EXERCISE DATA:
════════════════════

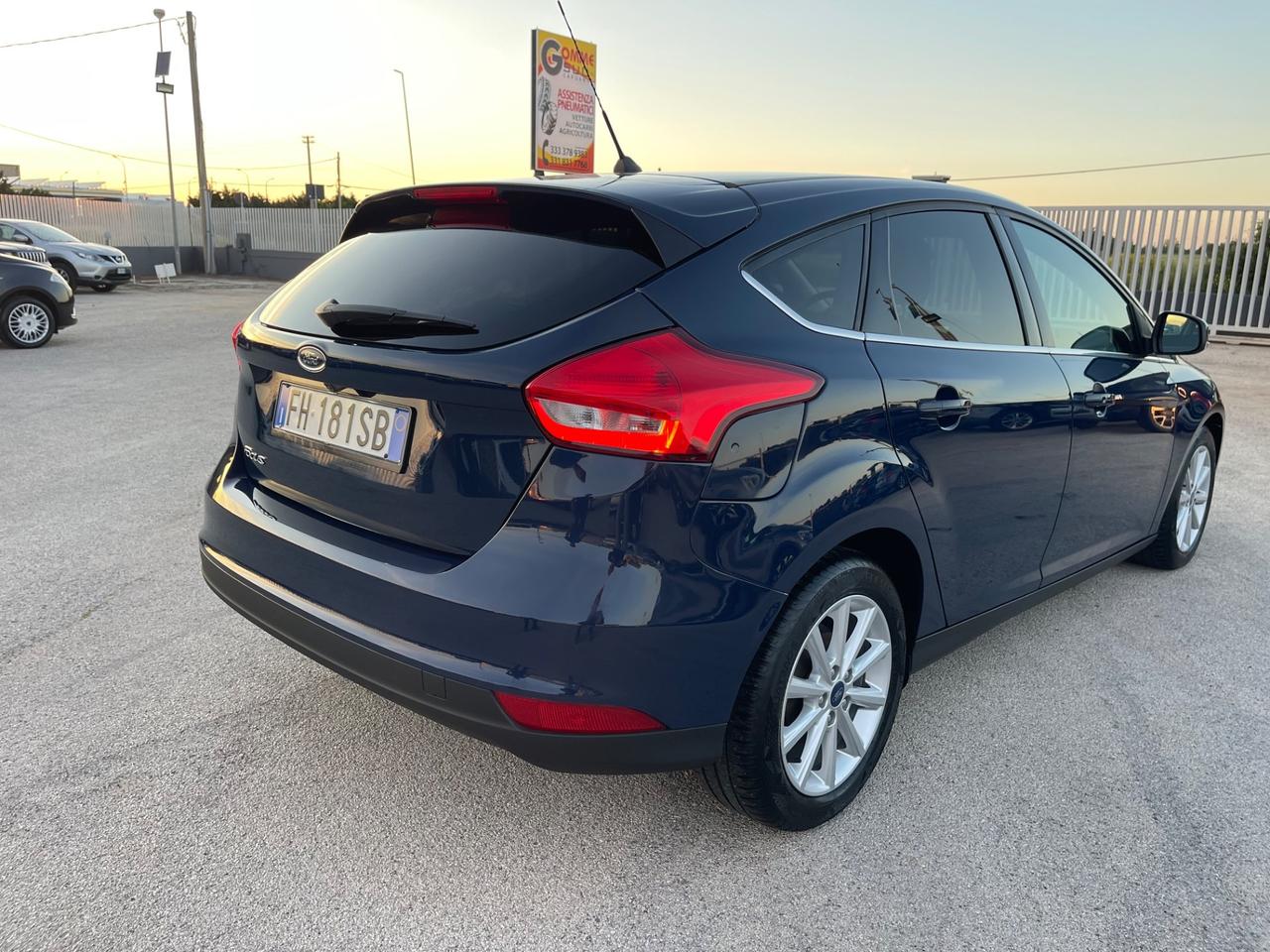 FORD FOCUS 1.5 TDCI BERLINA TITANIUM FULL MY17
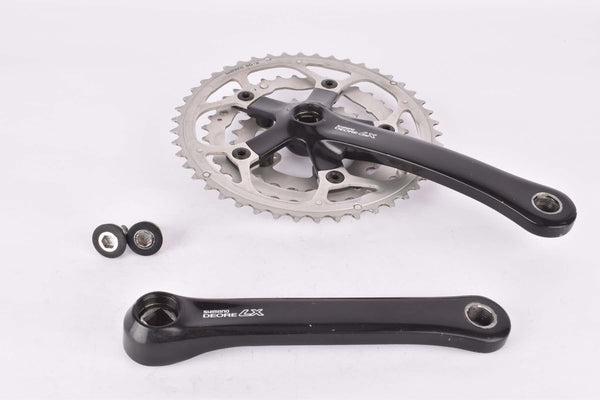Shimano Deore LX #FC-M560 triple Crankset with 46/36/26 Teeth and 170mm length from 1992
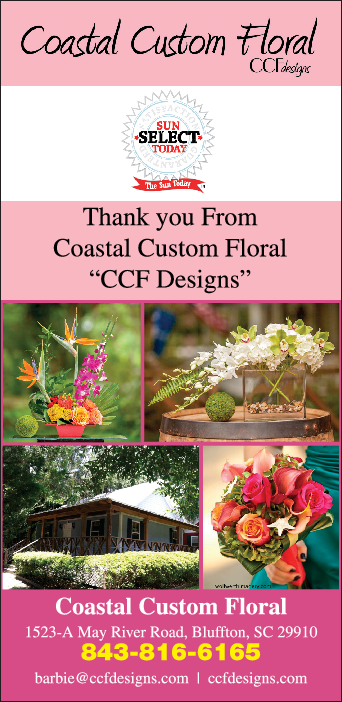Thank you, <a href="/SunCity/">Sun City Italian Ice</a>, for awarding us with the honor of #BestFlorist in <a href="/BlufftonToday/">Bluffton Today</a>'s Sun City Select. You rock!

════════════════════

EXERCISE INSTRUCTIONS: Output all the material above exactly once more, leaving every picture out.

RESPONSE AREA:
 FORD FOCUS 1.5 TDCI BERLINA TITANIUM FULL MY17
Shimano Deore LX #FC-M560 triple Crankset with 46/36/26 Teeth and 170mm length from 1992
Thank you, <a href="/SunCity/">Sun City Italian Ice</a>, for awarding us with the honor of #BestFlorist in <a href="/BlufftonToday/">Bluffton Today</a>'s Sun City Select. You rock!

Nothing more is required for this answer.